Despite a new board of directors and new-look management team, Calgary-based software development company Teilhard Technologies insists business continues as usual. This after the company’s annual general meeting on May 27, where a group known as the Concerned Shareholders voted out the incumbent slate of Teilhard directors – which included former Alberta premier Ralph Klein and former agriculture minister Charles Mayer – using shares and proxies totalling 49 million to 29 million shares held by former directors and others.
The concerned group took issue with the company’s levels of disclosure, especially following large bonuses and huge litigation wins against the likes of Microsoft Corp. and IBM Corp. in 2009. You can read about it here. The company made $85 million in lawsuits last year, then paid $45 million in legal fees to its representation, Akin Gump Strauss Hauer & Feld LLP.
The fallout continued after the AGM as former president and CEO Ken Prather, head of investor relations Richard Kaye, and executives Brad Prather and Rick Shannon were released. Craig Jordheim, a non-practicing lawyer, was asked to serve as interim general manager and Jack Yee was appointed as head of investor relations – a position he held in the past.

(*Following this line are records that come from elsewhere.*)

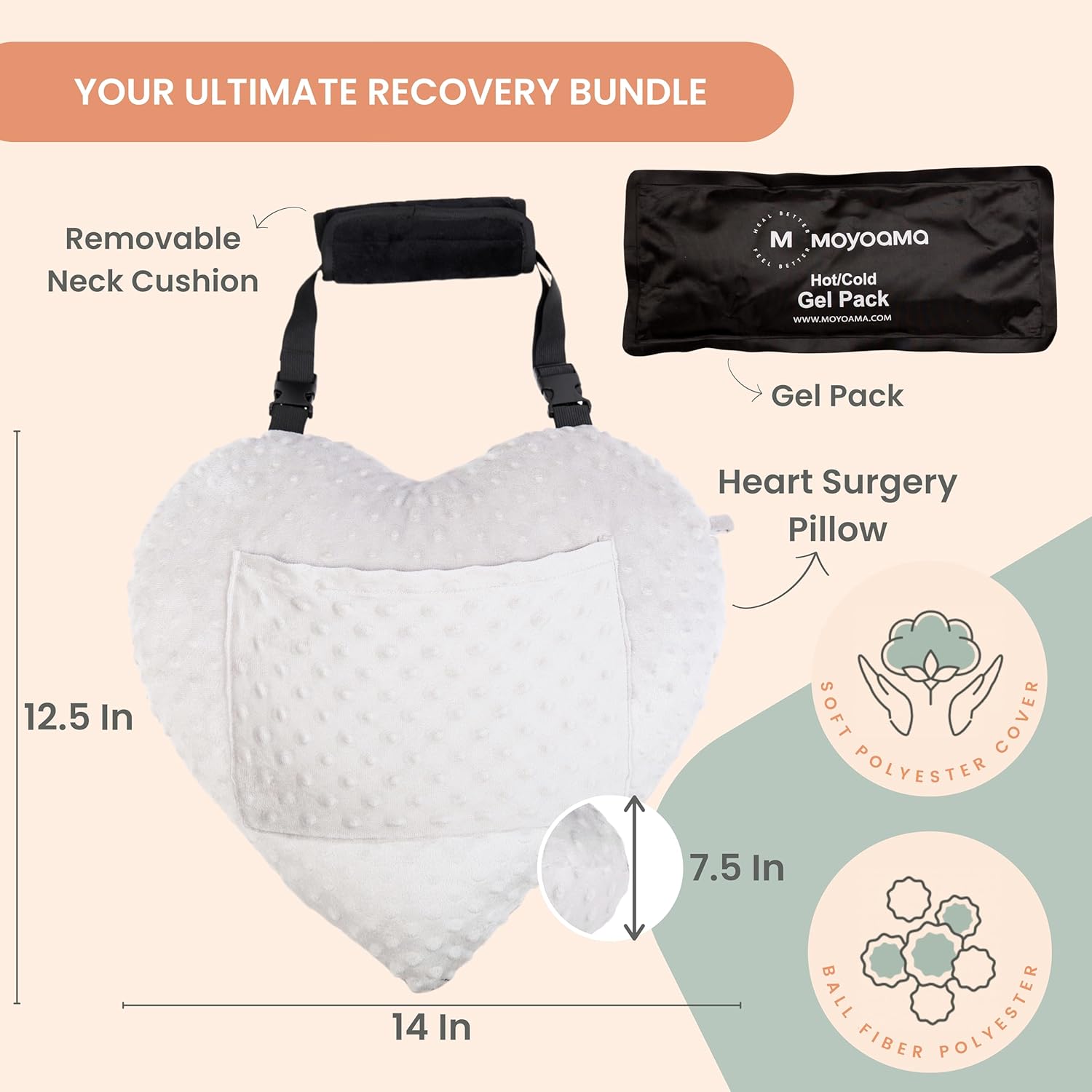 Heart Surgery Pillow - Minky Dots - Essential Bundle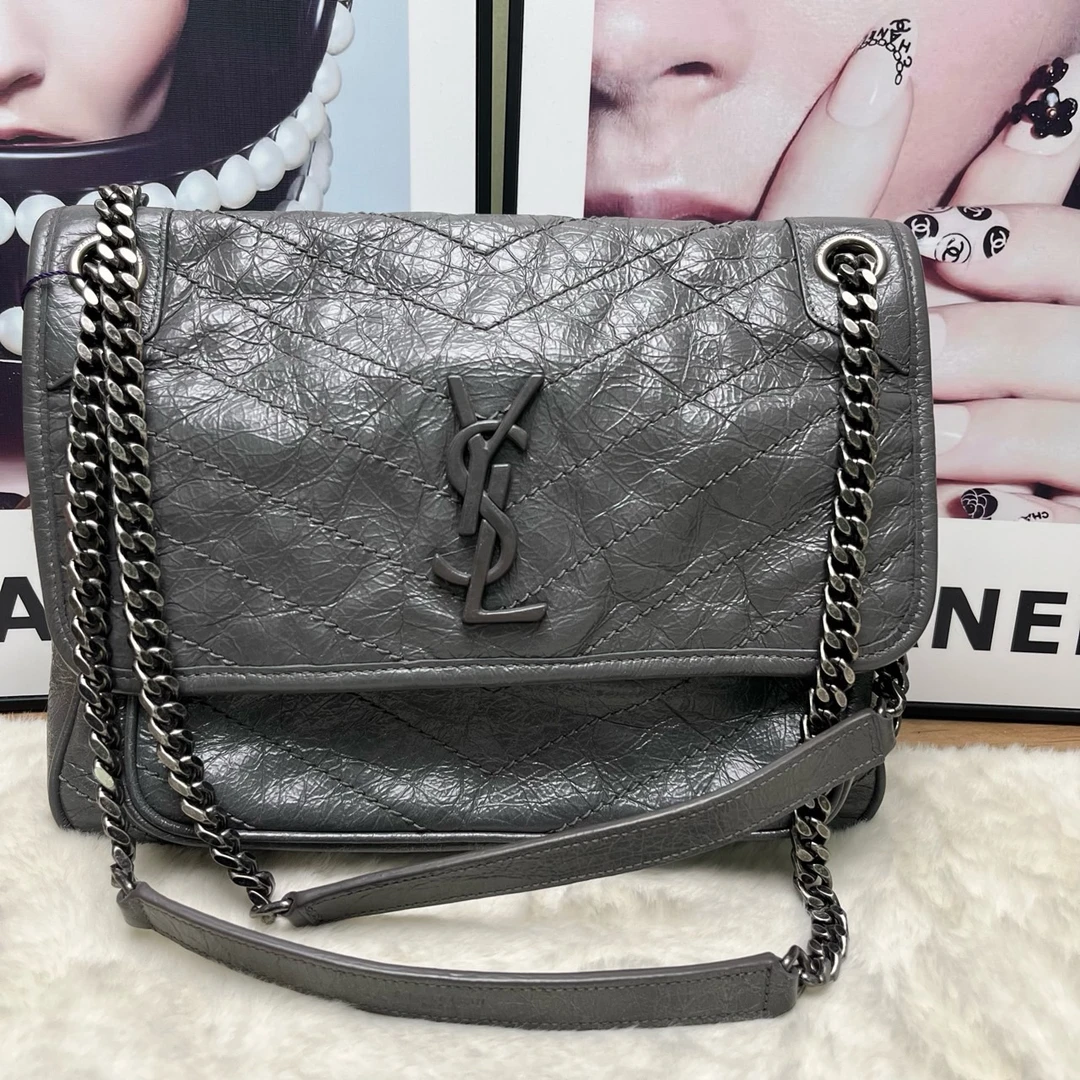 99新 YSL/圣罗兰 大象灰银链niki中号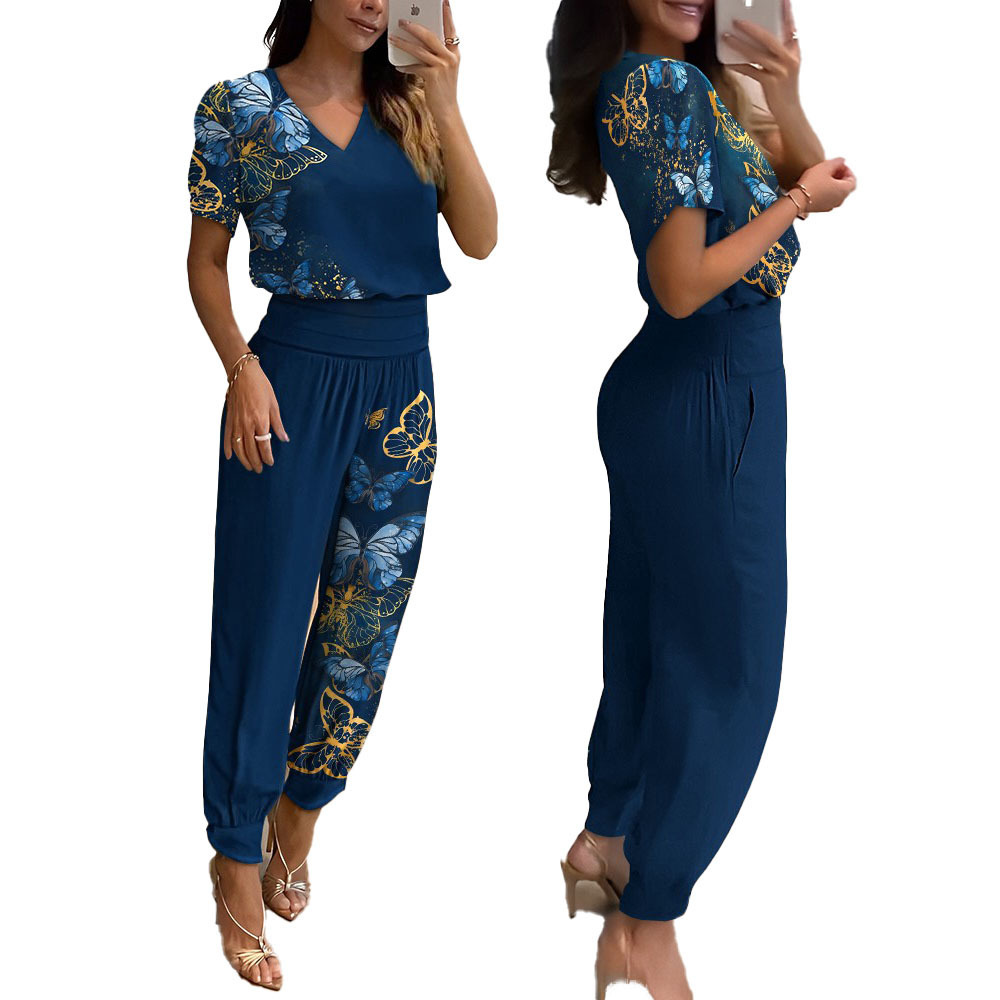 Women's Fashion Casual V-Neck Printed Short-Sleeved Trousers Set Two-Piece Set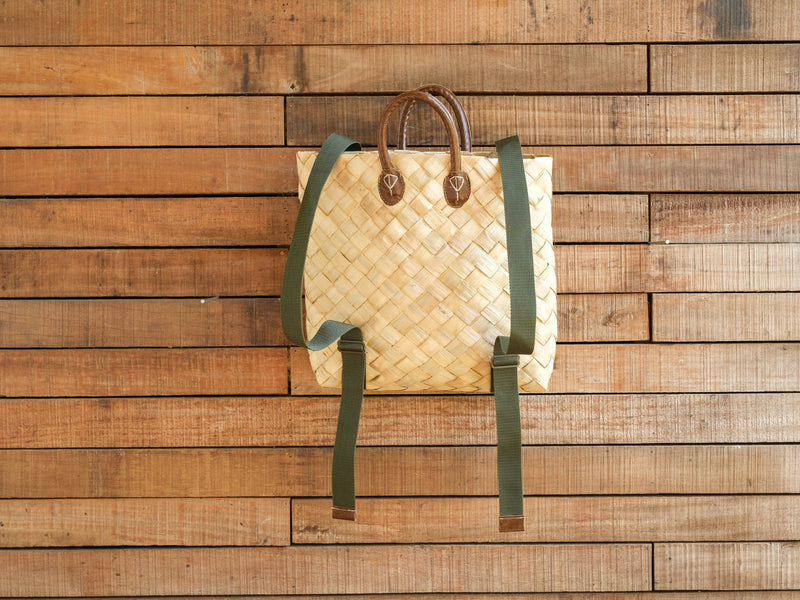 Handwoven Backpack with Handcrafted Leather Handles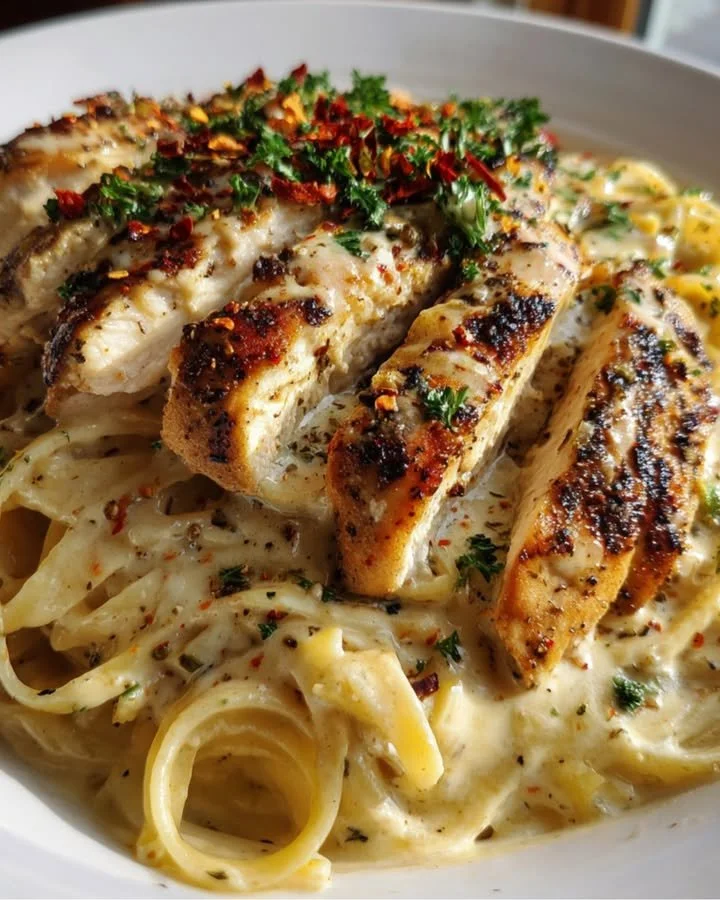 Cajun Blackened Chicken Linguine in Garlic Parmesan Cream Sauce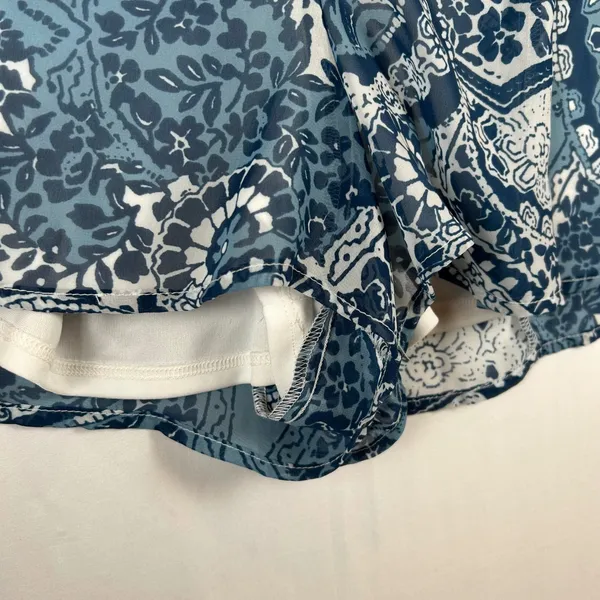 Show‎ Me Your Mumu Blue Paisley Print Bailey Back Tie Romper Long Sleeve XS - Image 11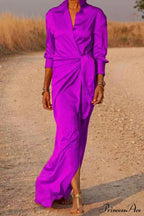 Gown Patchwork Blouse Bandage with Turndown Casual Solid Collar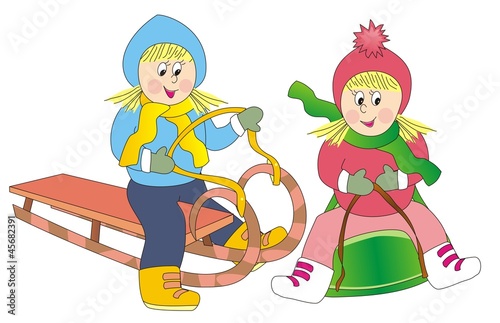 girls on the sled and bobsleigh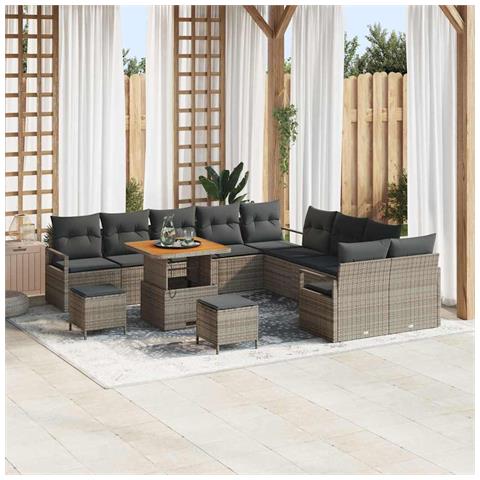 Set Divano Giardino 13 Pezzi con Cuscini Grigio Polyrattan Acacia, Divano Giardino 2 Posti con Cuscini Grigio Polyrattan, Set da Pranzo Giardino 3 Pezzi con Cuscini Grigio Polyrattan Acacia - Foto 2
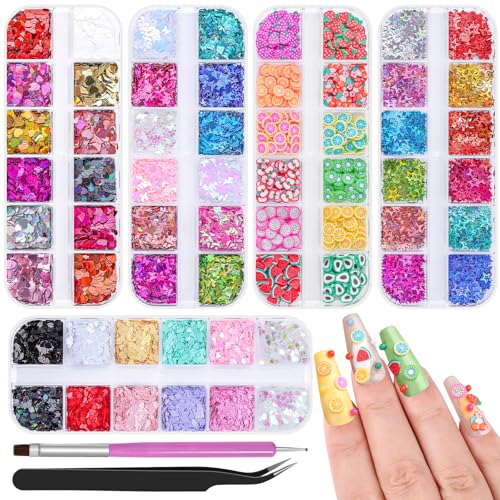 5 Boxes 60 Colors Holographic Nail Art Sequins Kit,Fruit Slice,Ir...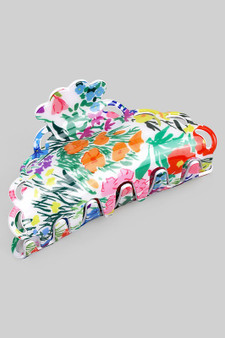 Multi Colored Flower Print Hair Clip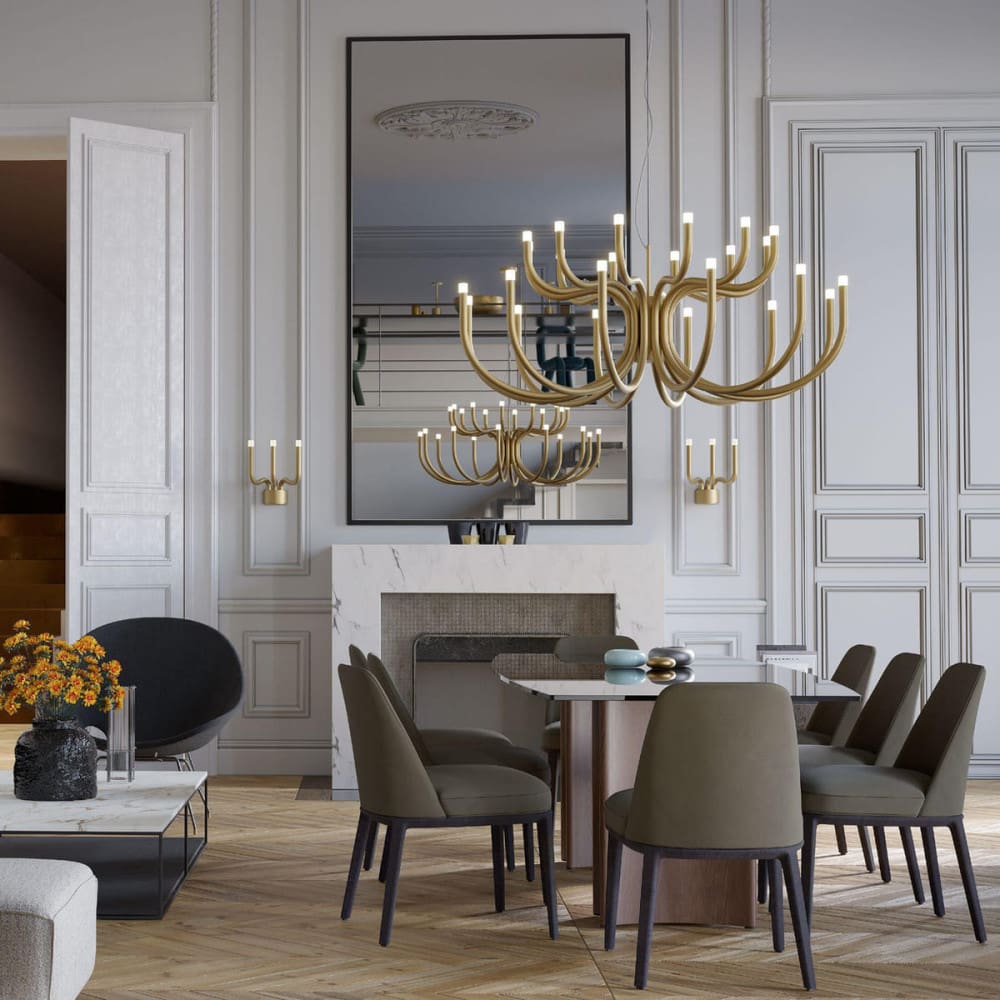 Luxor Chandelier - Tiered Brass & Perspex Diffuser LED Pendant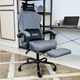 Геймерское кресло DEXON VELARIS RD-6072 с подставкой для ног, из льняной ткани + мягкие подушки из велюра, металлическая крестовина, Темно-серый - изображение 4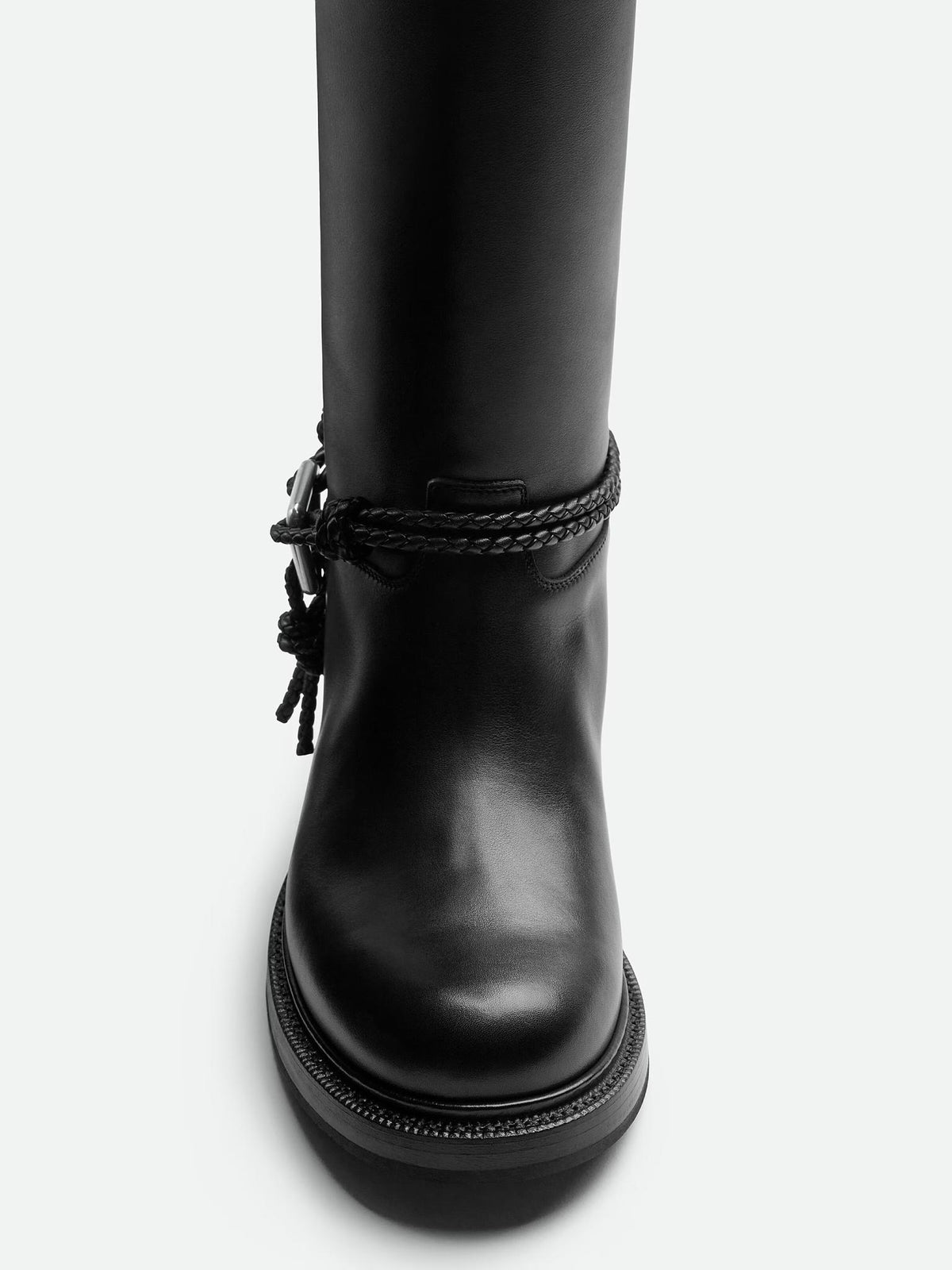 Bottega Veneta Black Leather Long Boots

Former Teilhard management was asked to return bonuses paid for the 2009 fiscal year.
In a telephone interview, Teilhard’s new chairman John Brown, indicated the company planned to release weekly updates on its website, saying, “There will be very good communication, and we’d like people to get their information there, rather than making conjectures on the blogs.”
When asked whether the private company intended to go public, Brown said creating a new identity on the “nervous” public stock market would be difficult right now, but the company does not rule out the possibility down the road.
He added that Teilhard’s sales and software development, as well as its relationship with Akin Gump and patent litigation in Texas, would continue – business as usual.
DISCLOSURE: The writer owns 1,200 shares in Teilhard Technologies, also known as Shopplex.com Corp., which are held in trust with his father.